_WHAT THE TASK REQUIRES_.
Using the entries below, copy exactly each line from the line with "Economic Facts and Fallacies - Sowell Thomas" up to and including the line with "Méthodologie Six Sigma", with every picture left out.

_ENTRIES SUPPLIED_.
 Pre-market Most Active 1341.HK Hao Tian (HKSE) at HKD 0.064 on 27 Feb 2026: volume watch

--

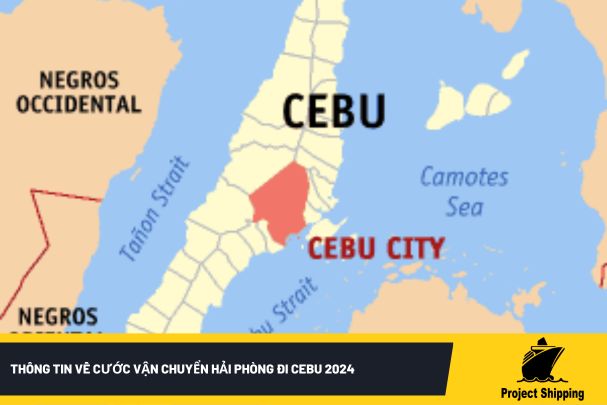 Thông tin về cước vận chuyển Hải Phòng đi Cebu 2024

---

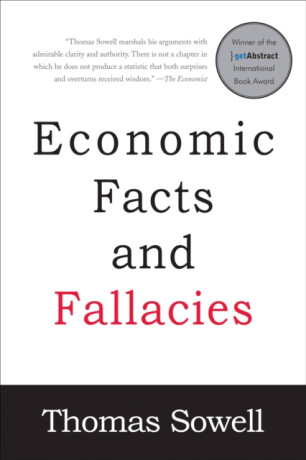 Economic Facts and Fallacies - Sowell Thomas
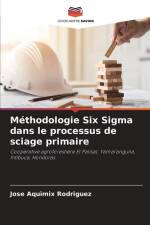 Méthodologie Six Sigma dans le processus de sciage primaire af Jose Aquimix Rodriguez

_THE COMPLETED TASK_.
 Economic Facts and Fallacies - Sowell Thomas
 Méthodologie Six Sigma dans le processus de sciage primaire af Jose Aquimix Rodriguez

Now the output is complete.